L’exemple des Calas[1] et des Sirven[2] est assez connu ; celui de Martin[3] l’est moins. C’était un bon agriculteur d’auprès de Bar en Lorraine. Un scélérat lui dérobe son habit, et va, sous cet habit, assassiner sur le grand chemin un voyageur qu’il savait chargé d’or, et dont il avait épié la marche. Martin est accusé ; son habit dépose contre lui ; les juges regardent cet indice comme une certitude. Ni la conduite passée du prisonnier, ni une nombreuse famille qu’il élevait dans la vertu, ni le peu de monnaie trouvé chez lui, probabilité extrême qu’il n’avait point volé le mort ; rien ne peut le sauver. Le juge subalterne se fait un mérite de sa rigueur. Il condamne l’innocent à être roué ; et, par une fatalité malheureuse, la sentence est confirmée à la Tournelle. Le vieillard Martin est rompu vif en attestant Dieu de son innocence jusqu’au dernier soupir. Sa famille se disperse ; son petit bien est confisqué. À peine ses membres rompus sont-ils exposés sur le grand chemin, que l’assassin qui avait commis le meurtre et le vol est mis en prison pour un autre crime ; il avoue, sur la roue à laquelle il est condamné à son tour, que c’est lui seul qui est coupable du crime pour lequel Martin a souffert la torture et la mort.

[4] Montbailli, qui dormait avec sa femme, est accusé d’avoir, de concert avec elle, tué sa mère, morte évidemment d’apoplexie : le conseil d’Arras condamne Montbailli à expirer sur la roue, et sa femme à être brûlée. Leur innocence est reconnue, mais après que Montbailli a été roué.

Écartons ici la foule de ces aventures funestes qui font gémir sur la condition humaine ; mais gémissons du moins sur la certitude prétendue que les juges croient avoir quand ils rendent de pareilles sentences.

Il n’y a nulle certitude, dès qu’il est physiquement ou moralement possible que la chose soit autrement.

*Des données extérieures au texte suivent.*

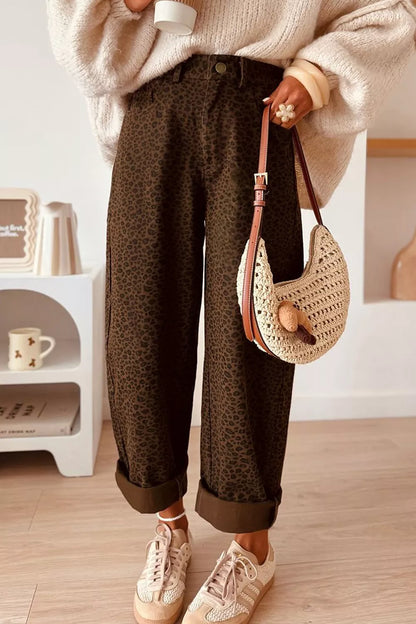 Leopard Print Wide-Leg Jeans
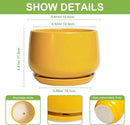 G EPGardening Ceramic Plant Pot - 6 Inch Ceramic Planter with Drainage Hole and Tray, Modern Round Planter, Flower Pot for Indoor Outdoor Plants, Plants Lovers Gifts, House Garden Decor, Yellow by GreenHaven Gardens
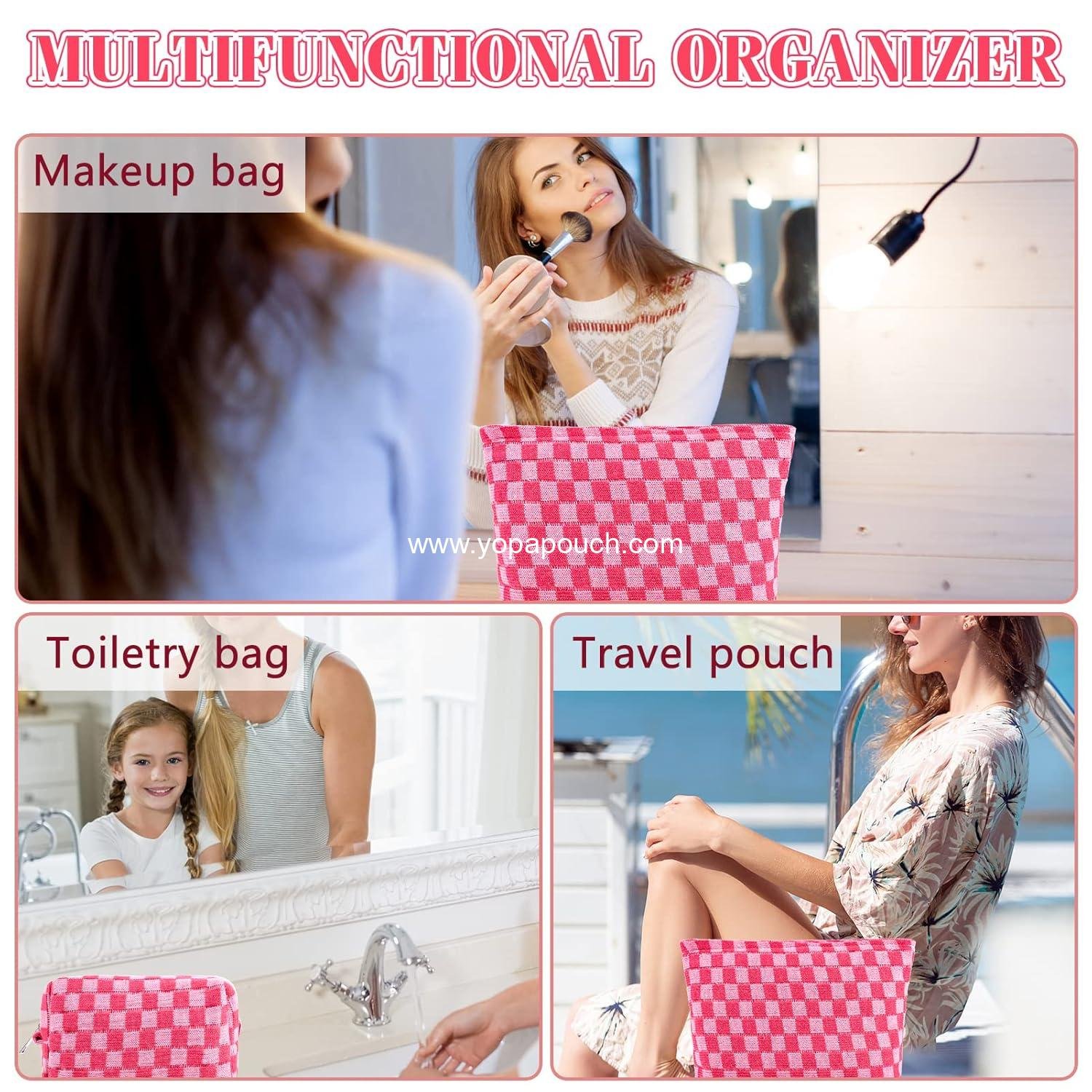 Wholesale Checkered Makeup Bag Set - Travel Toiletry Bags for Purse - Large & Small Pouches for Women - Cute Preppy Pencil Case - Pink Zipper Skincare Bags - Supplier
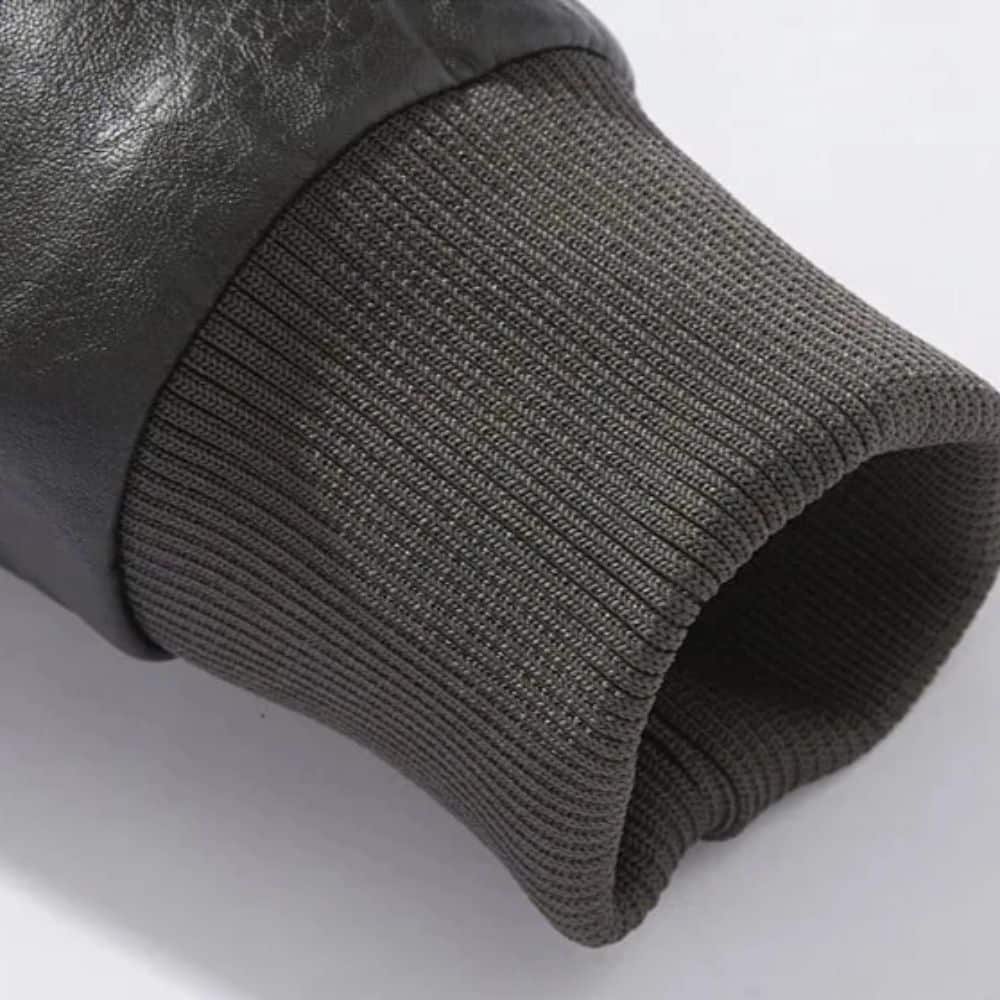 Men's Slim Fit Leather Bomber Jacket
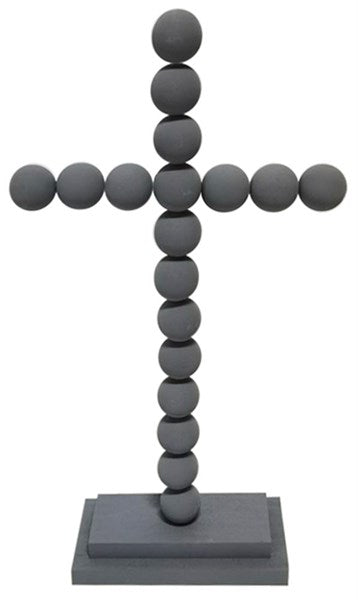 13 Inch Gray Tabletop Wood Bead Cross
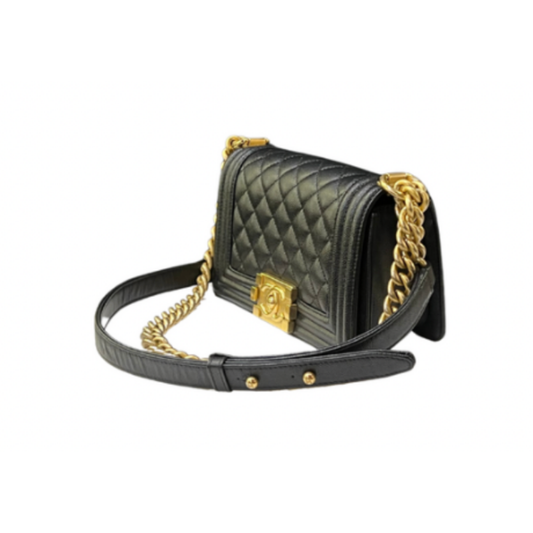 Chanel Boy Flap Quilted Caviar Leather Gold-tone Small Black
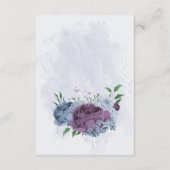 Lila dustig blühende Hochzeitsdetails Begleitkarte (Rückseite)
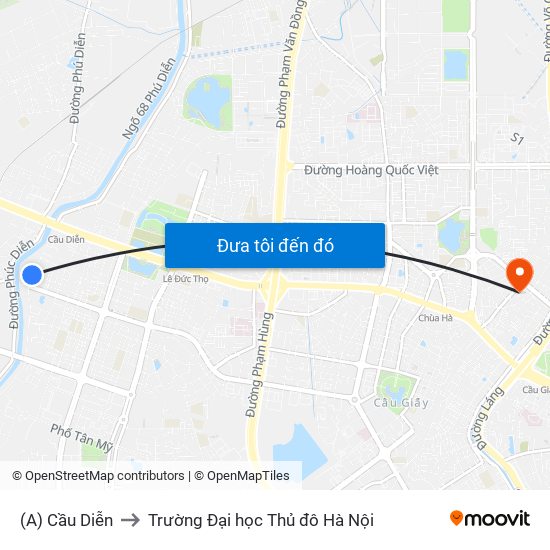 (A) Cầu Diễn to Trường Đại học Thủ đô Hà Nội map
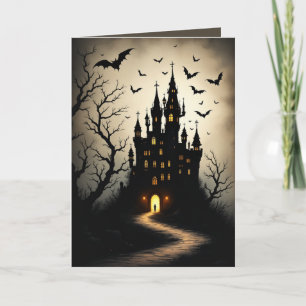 Spooky Shadow Halloween Castle Wenskaarten Kaart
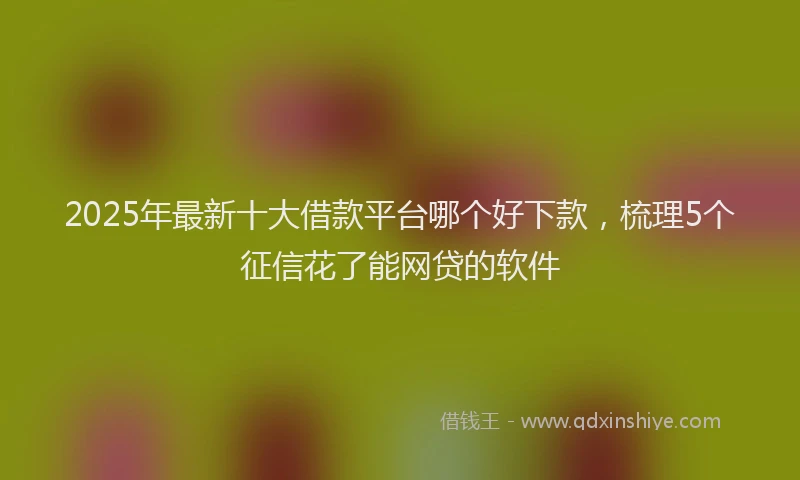 2025年最新十大借款平台哪个好下款，梳理5个征信花了能网贷的软件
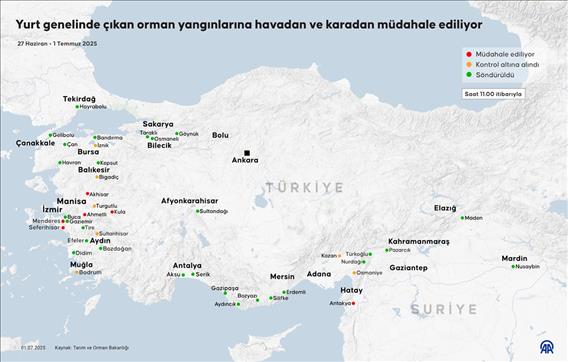 Yurt genelinde çıkan orman yangınlarına havadan ve karadan müdahale ediliyor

Quoi ! il faut une démonstration pour oser assurer que la surface d’une sphère est égale à quatre fois l’aire de son grand cercle, et il n’en faudra pas pour arracher la vie à un citoyen par un supplice affreux !

  1. Sur les Calas, voyez les Mélanges, années 1762-1763, etc.
  2. Sur Sirven, voyez les Mélanges, année 1766.
  3. Il est question de Martin dans l’Essai sur les Probabilités en fait de justice (voyez les Mélanges, année 1772), et dans la lettre à d’Alembert, du 4 septembre 1769 ; on peut aussi voir celles à Élie de Beaumont, du 17 auguste, et à d’Argental, du 30 auguste 1769. On voit par cette dernière et par celle à d’Alembert que le fait eut lieu en 1767, et non en 1768, comme Voltaire le dit dans l’Essai sur les Probabilités.
  4. Cet alinéa fut ajouté en 1774. Voyez sur Montbailli la Méprise d’Arras, dans les Mélanges, année 1771, etc. (B.)